> **TASK DETAILS**: Only the lines from the one containing "Bow Print Loose" through the end of the data are wanted, reproduced exactly and without pictures.

>>>>>

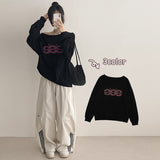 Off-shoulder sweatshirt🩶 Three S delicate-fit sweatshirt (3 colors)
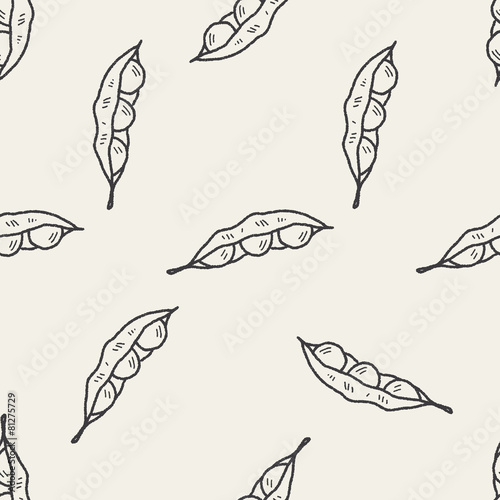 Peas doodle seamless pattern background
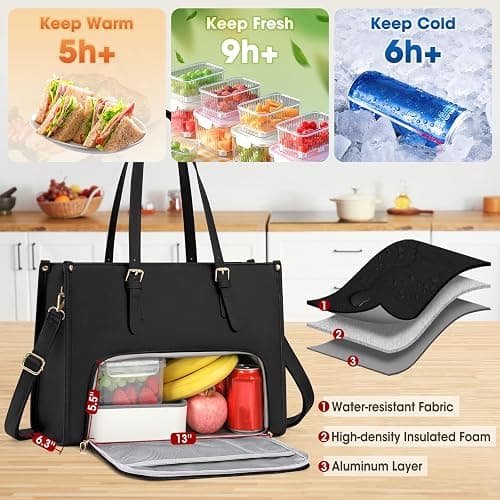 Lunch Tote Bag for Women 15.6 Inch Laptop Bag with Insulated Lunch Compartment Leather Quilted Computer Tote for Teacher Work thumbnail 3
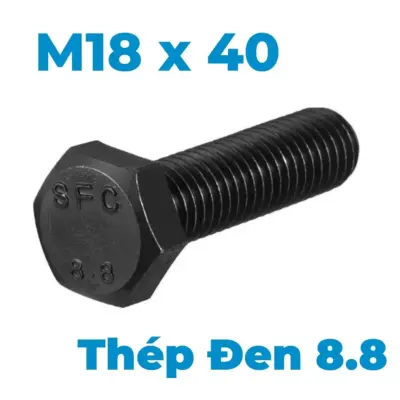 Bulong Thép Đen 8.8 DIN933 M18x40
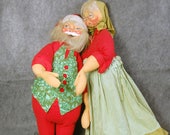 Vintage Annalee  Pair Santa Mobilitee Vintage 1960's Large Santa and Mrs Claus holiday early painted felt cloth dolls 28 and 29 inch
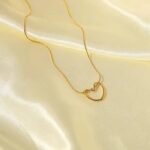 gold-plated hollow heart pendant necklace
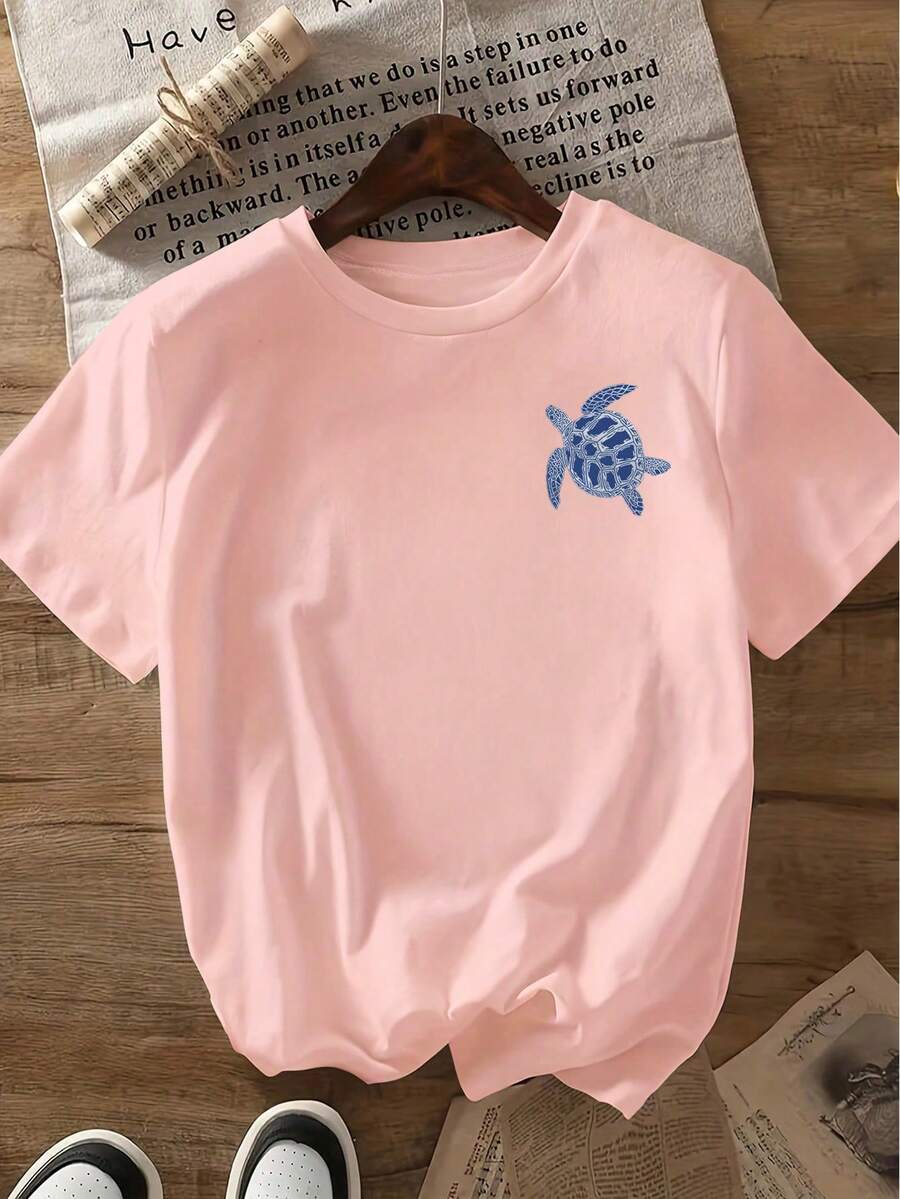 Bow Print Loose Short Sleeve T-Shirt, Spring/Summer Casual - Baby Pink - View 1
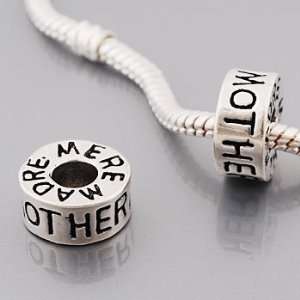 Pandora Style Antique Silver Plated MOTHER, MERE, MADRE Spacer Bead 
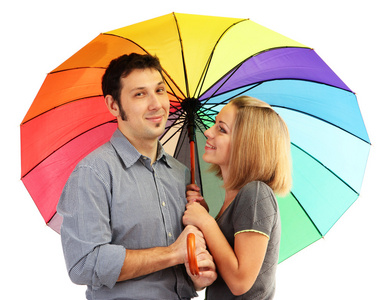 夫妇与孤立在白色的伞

<<<<<

> **RESULT FOR THIS TASK**:
 Bow Print Loose Short Sleeve T-Shirt, Spring/Summer Casual - Baby Pink - View 1
 Pandora Style Antique Silver Plated MOTHER, MERE, MADRE Spacer Bead 
 夫妇与孤立在白色的伞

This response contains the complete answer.